🤖 AI Summary
Existing LLM-agent reinforcement learning methods rely on static tool sets, limiting flexibility and generalization in long-horizon reasoning under dynamically evolving tool environments. To address this, we propose a dynamic multi-step tool selection mechanism that enables real-time identification, ranking, and integration of previously unseen tools during inference. We construct the first large-scale, explicitly reasoned tool-selection dataset—comprising 200K samples, 1,000+ tools, and 100+ tasks. Further, we design a supervised fine-tuning plus RL trajectory stabilization framework, incorporating KL-regularized Plackett–Luce ranking models, and achieve dual-modality co-adaptation for Qwen3-8B and Qwen2.5-VL-7B. Our approach yields average improvements of +6.4% on mathematical and scientific reasoning, +4.5% on search-based QA, +7.7% on code generation, and +6.9% on multimodal understanding across ten benchmarks—while using fewer parameters and demonstrating superior zero-shot tool generalization.
📝 Abstract
Agentic reinforcement learning has advanced large language models (LLMs) to reason through long chain-of-thought trajectories while interleaving external tool use. Existing approaches assume a fixed inventory of tools, limiting LLM agents' adaptability to new or evolving toolsets. We present AutoTool, a framework that equips LLM agents with dynamic tool-selection capabilities throughout their reasoning trajectories.

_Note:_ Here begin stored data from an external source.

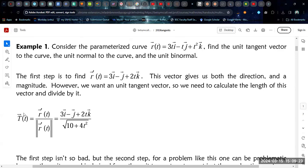We end up with 3i minus j plus 2k based on our original equation. This is the tangent vector, but typically we want the unit tangent vector. So we need to calculate the length of this vector and then divide our tangent vector by it. The unit tangent vector is typically represented by capital T, and it is just R prime over the magnitude of R prime. The magnitude here: three squared is nine, negative one squared is one — that gives me ten — and two T squared gives me the four T squared. In general, the first step to find the unit tangent vector is not so bad.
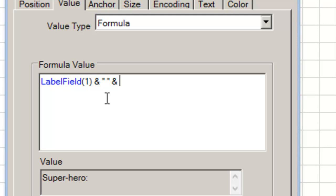To include an external data field, use Field with the field number within parentheses.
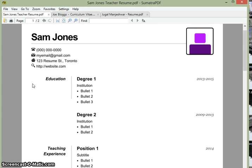Hi there. This is a tutorial on how to make an HTML resume. HTML is a computer language by which you can design pages like this one.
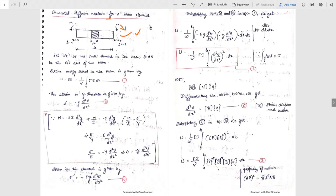Hello everyone. In today's class we will derive the element stiffness matrix for beam element. In the last class we derived the shape functions for beam element in terms of natural coordinates and in terms of global coordinates. In terms of natural coordinates they are called Hermite shape functions. We can use either global coordinate or natural coordinate shape functions to derive the stiffness matrix for beam element. A beam element has 2 degrees of freedom per node, so for a single element there are 4 degrees of freedom total. Therefore the stiffness matrix for beam element should be a 4×4 matrix.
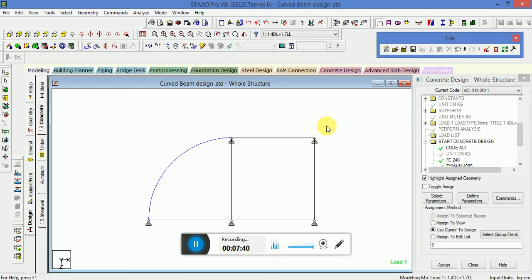So this is the way we design a curved beam in STAAD.Pro V8i. If you have any queries regarding this tutorial on design and analysis of curved beams, please post your queries — I would like to answer you as soon as possible. Thank you very much for watching this tutorial. Stay blessed and stay raw.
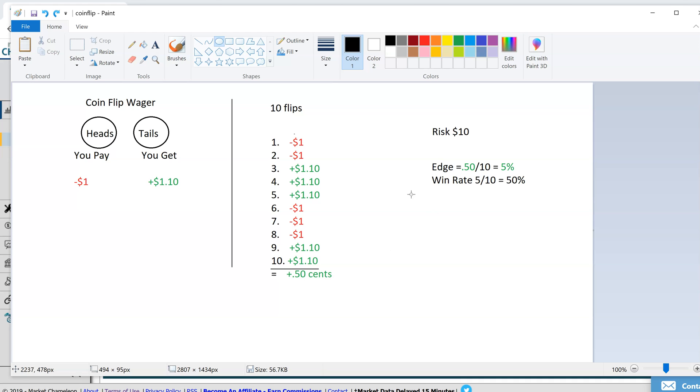Your win rate here is you won 5 out of 10, 50%. So your win rate is 50-50, but you still have an edge because of that payoff.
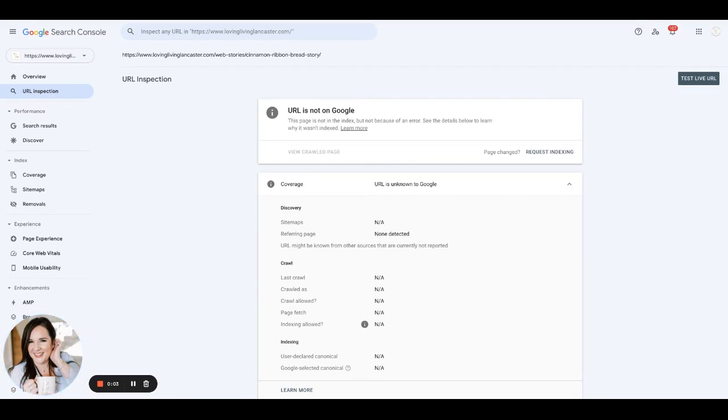Recently, we've noticed that Google is not indexing web stories as quickly as they once were. This has been an ongoing error since October of 2021.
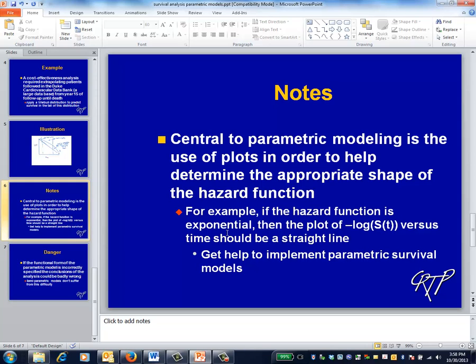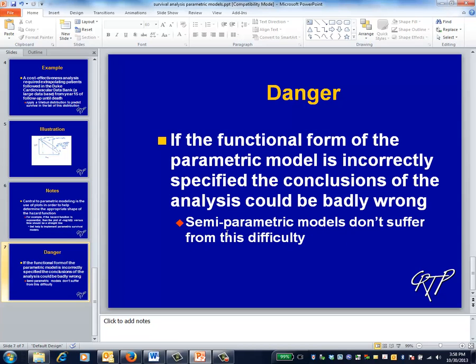Although not illustrated here, central to parametric survival modeling is the use of plots in order to help determine the appropriate shape of the hazard function. If you want to try to use a parametric survival model, you should get help. A big problem with parametric models is they aren't usually robust to misspecification — in other words, if you use the wrong assumptions about the shape of the hazard function, your conclusions could be badly wrong. Semi-parametric models don't suffer from this difficulty, which is one of the main reasons for their popularity.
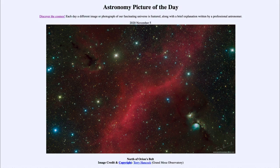So here we get to see three distinct types of nebulae around the area of Orion — in this case, north of Orion's Belt. That was our picture of the day for November the 5th, 2020. We'll be back again tomorrow for the next picture, so until then, have a great day everyone and I will see you in class.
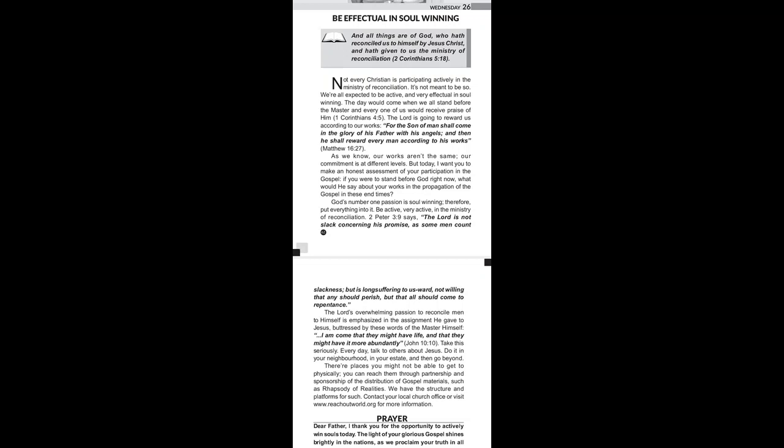The Lord is going to reward us according to our works. For the Son of Man shall come in the glory of his Father with his angels, and then he shall reward every man according to his works. That's Matthew chapter 16 verse 27.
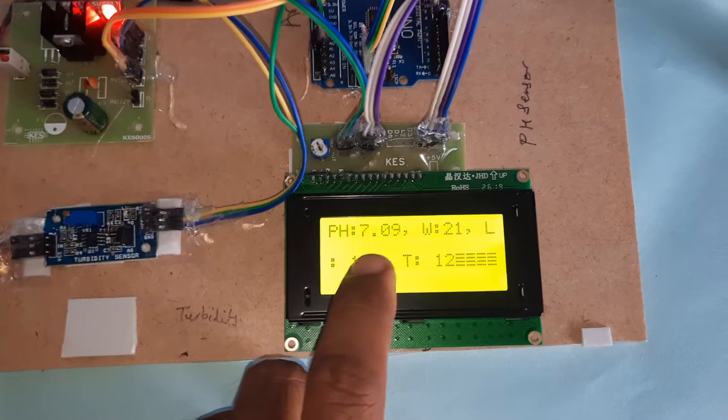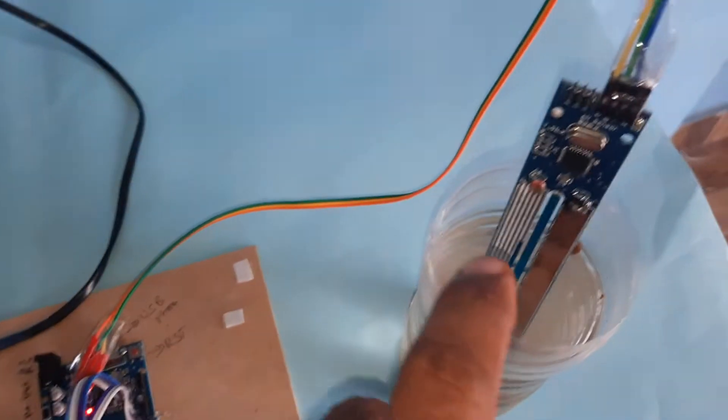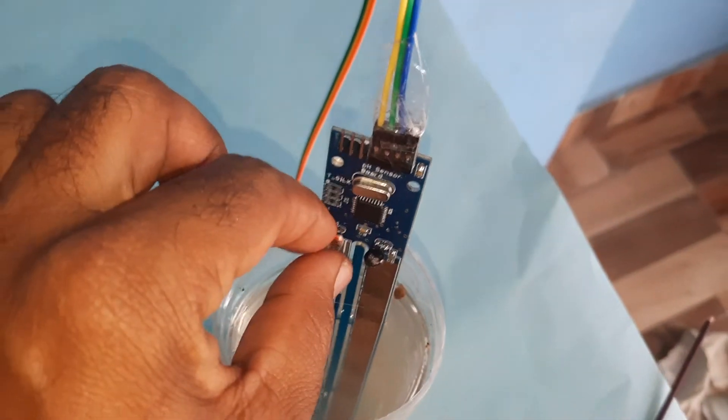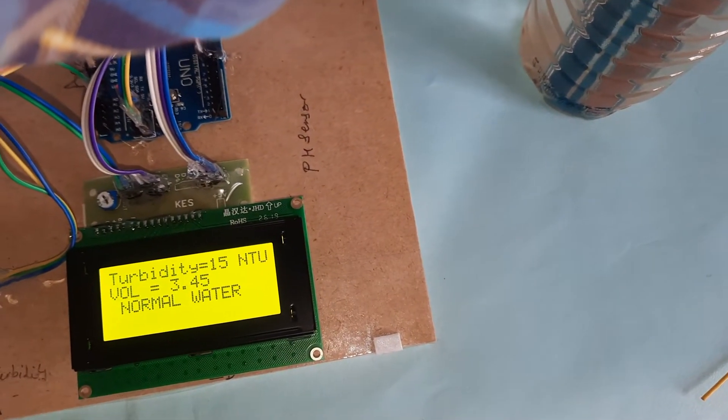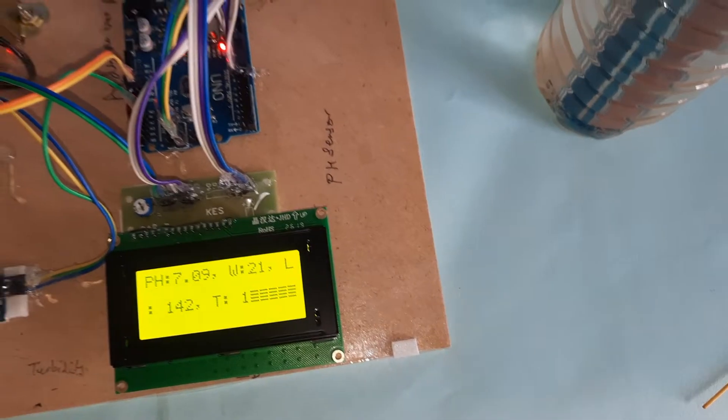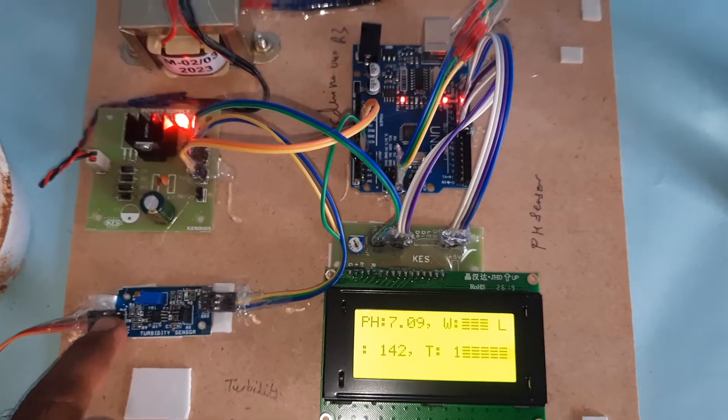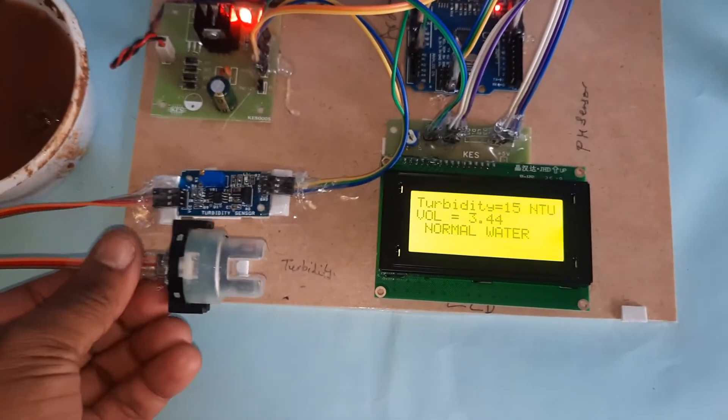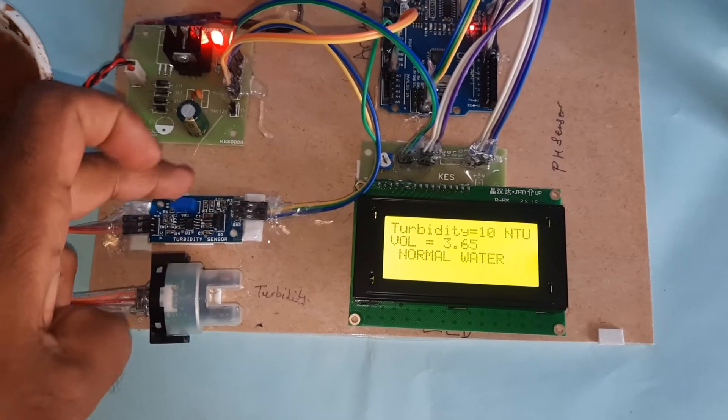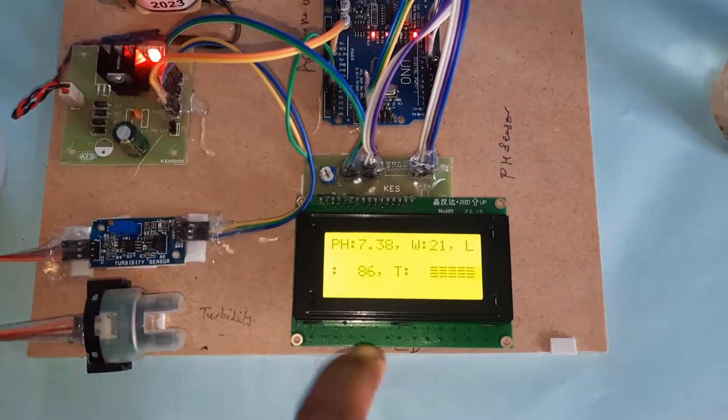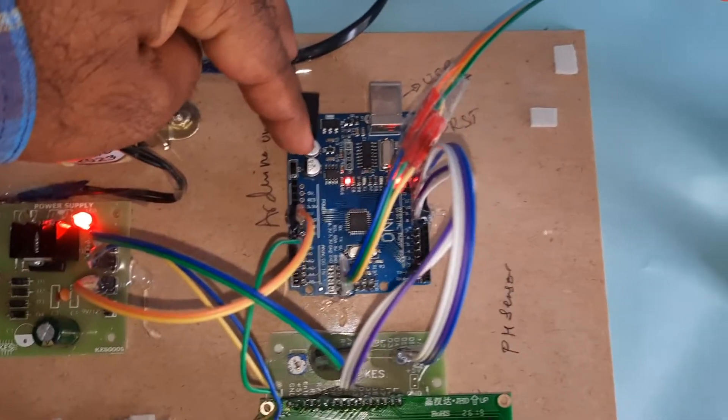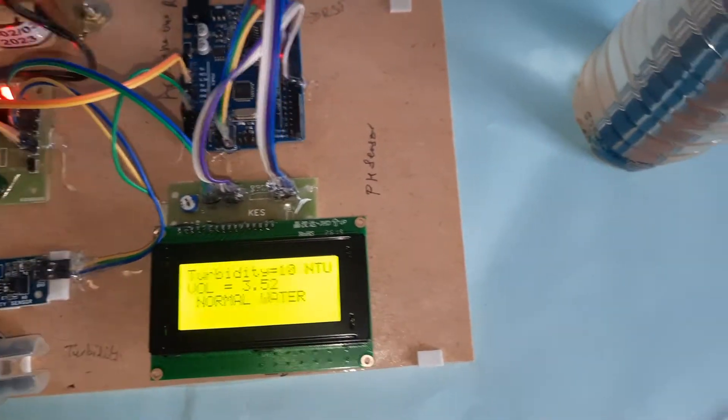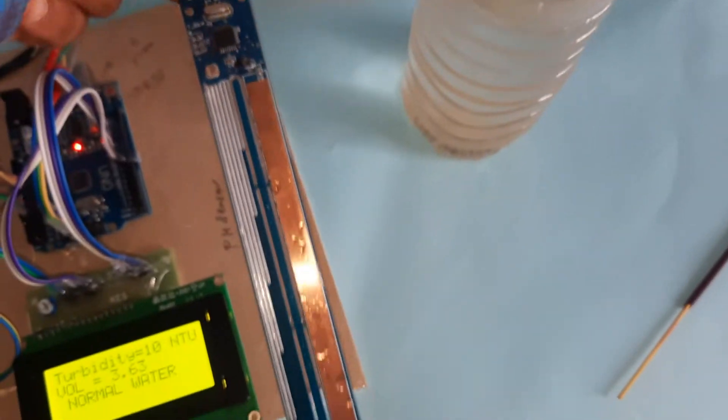pH, water level, LDR, and temperature sensor. LDR sensor - if you are closing this, the value should go to zero. Power supply board, turbidity sensor, and this is the sensor with calibration. 16x2 LCD display, Arduino Uno R3, 16x4 LCD, and the pH sensor.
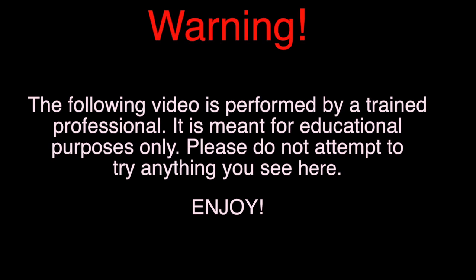Warning. The following video is performed by a trained professional. It is meant for educational purposes only. Please do not attempt to try anything you see here. Enjoy.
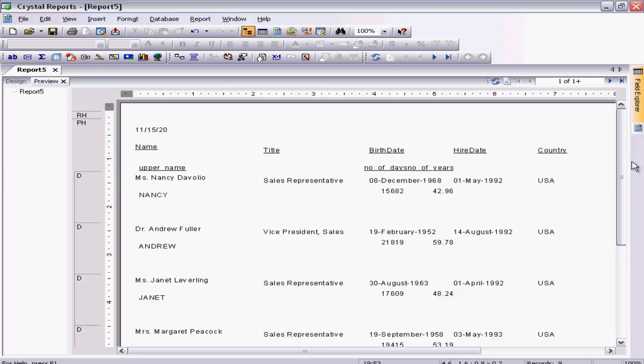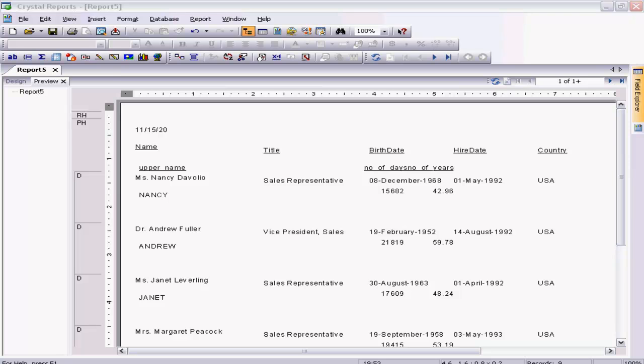And that's it. I think I have made it clear how to actually use string and date functions in Crystal Reports. You can experiment with many more of them whenever you feel like. I will stop here and continue with the next topic in the next video.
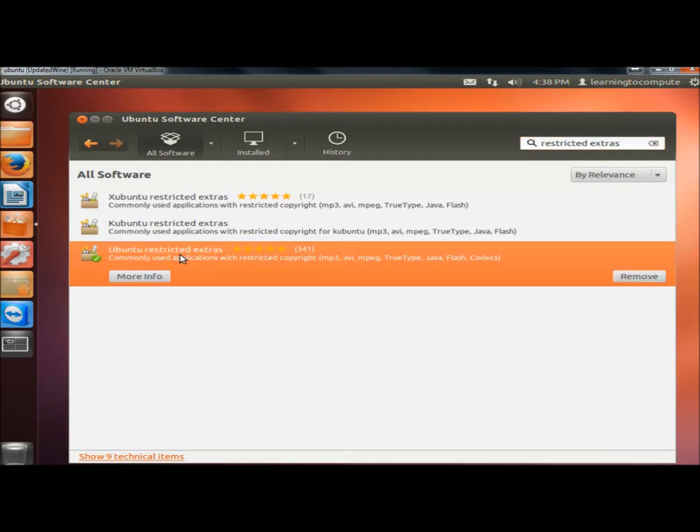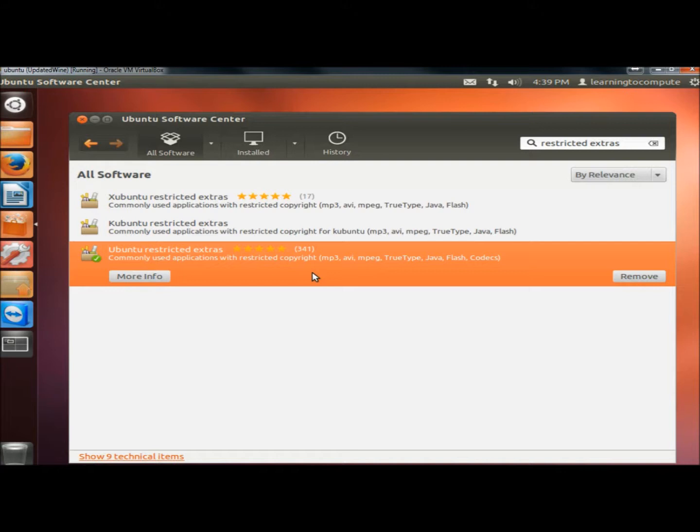All you would do is click on it. Where mine says Remove, it would say Install. Just click the Install button and it will begin installing.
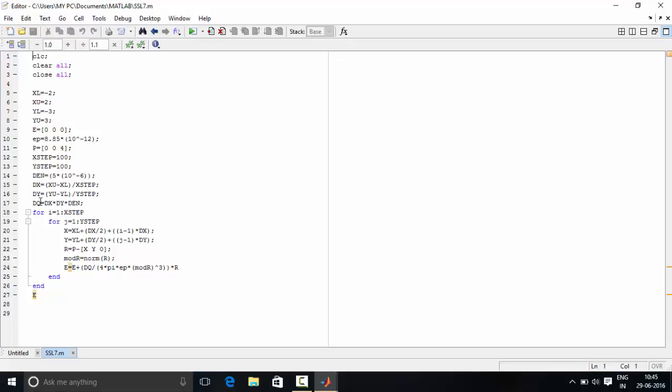In DQ variable we have stored charge possessed by that area, that is DX into DY, which is given by DX into DY into surface charge density.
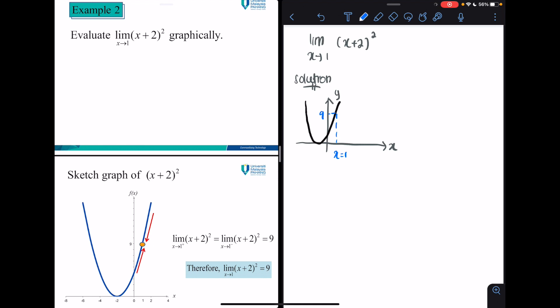Now let's look at Example 2, where the question asks you to determine the limit of (x+2)² as x approaches 1 using the graphical method. We sketch the graph of f(x) = (x+2)², and from that graph we conclude whether the limit exists or not, and if it does, we determine its value.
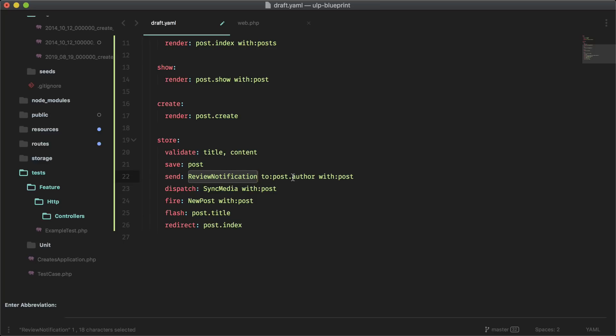It will also pass in the post. Dispatch is the keyword for generating a job named sync media, and we're passing in the post here. Fire is the keyword that generates events, and we're passing in the post. Flash will flash a message to the session and we can define that in the view. I'll show you that in a second. Then we are redirecting to the post.index route after we store the post.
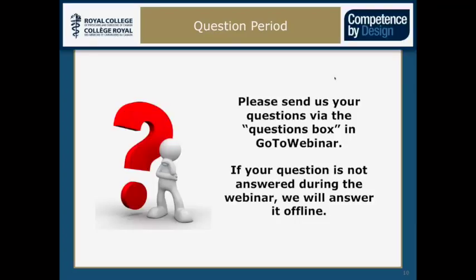A question came in asking about the timing of the release of the Tools Guide. We are planning to release the CanMeds Tools Guide at the ICRE, which occurs later in October in Vancouver. Immediately following that, people will be able to access the material in the Tools Guide.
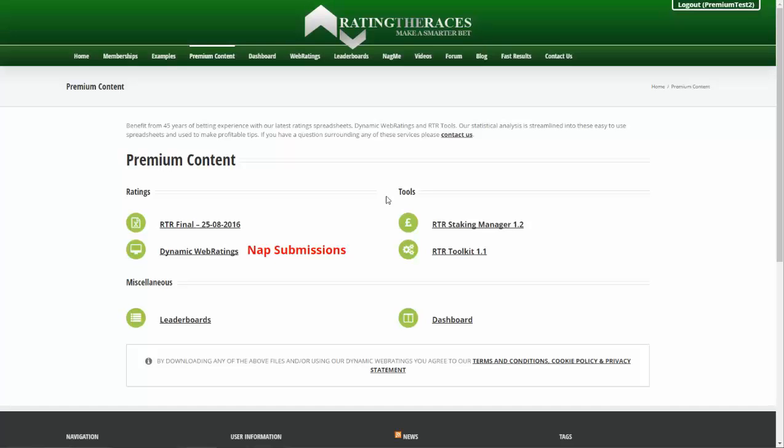Hello, so today we're going to have a quick look at how you can use Rating the Races to improve your current betting practices. We've got a few features introduced for both premium and free members, which will enable you to dig into the data of the selections and NAPs that you're currently submitting or downloading to your device.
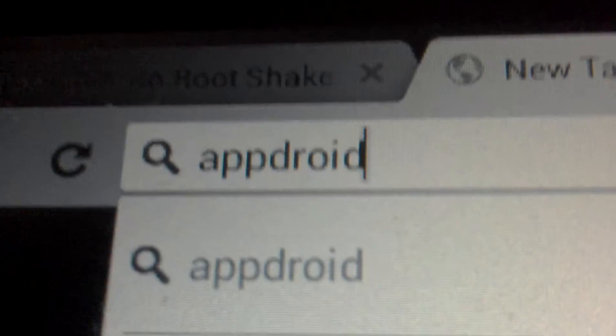So what you need to do is first go to your Internet Explorer. And then you type in... What do we? A.P.P. Droid. AppDroid. Like that.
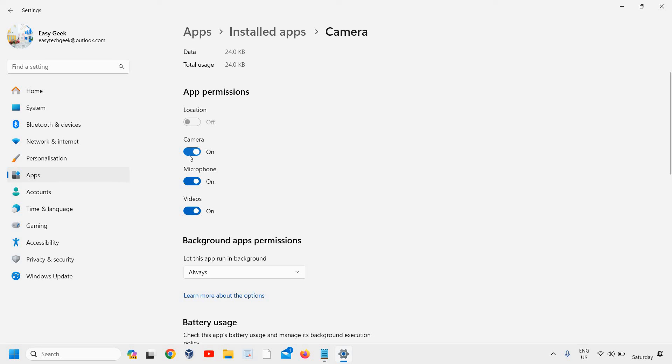All right, so this is how you can turn off the camera on Windows 11 or turn on the camera on Windows 11.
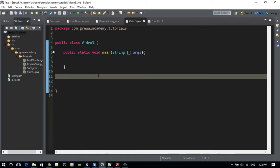Hi guys, this is Sunny. In this tutorial, I'm going to show you how to find if two words are anagrams of each other. For example, 'eat', 'tea', and 'ate' — all three words have the same letters, so they are anagrams of one another.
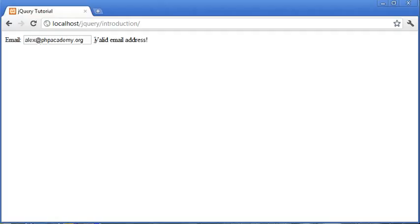So we're using PHP essentially to validate and then feed back the response from the text that's been typed in here by the user back to the user. So whichever way you choose to validate you can apply this to a variety of other different fields as well in a form.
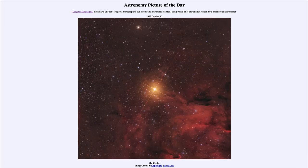Greetings and welcome to the introduction to astronomy. One of the things that I like to do in each of my introductory astronomy classes is to begin the class with the astronomy picture of the day from the NASA website, that is apod.nasa.gov/apod.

We first construct a 200k dataset with explicit tool-selection rationales across 1,000+ tools and 100+ tasks spanning mathematics, science, code generation, and multimodal reasoning. Building on this data foundation, AutoTool employs a dual-phase optimization pipeline: (i) supervised and RL-based trajectory stabilization for coherent reasoning, and (ii) KL-regularized Plackett-Luce ranking to refine consistent multi-step tool selection. Across ten diverse benchmarks, we train two base models, Qwen3-8B and Qwen2.5-VL-7B, with AutoTool. With fewer parameters, AutoTool consistently outperforms advanced LLM agents and tool-integration methods, yielding average gains of 6.4% in math & science reasoning, 4.5% in search-based QA, 7.7% in code generation, and 6.9% in multimodal understanding. In addition, AutoTool exhibits stronger generalization by dynamically leveraging unseen tools from evolving toolsets during inference.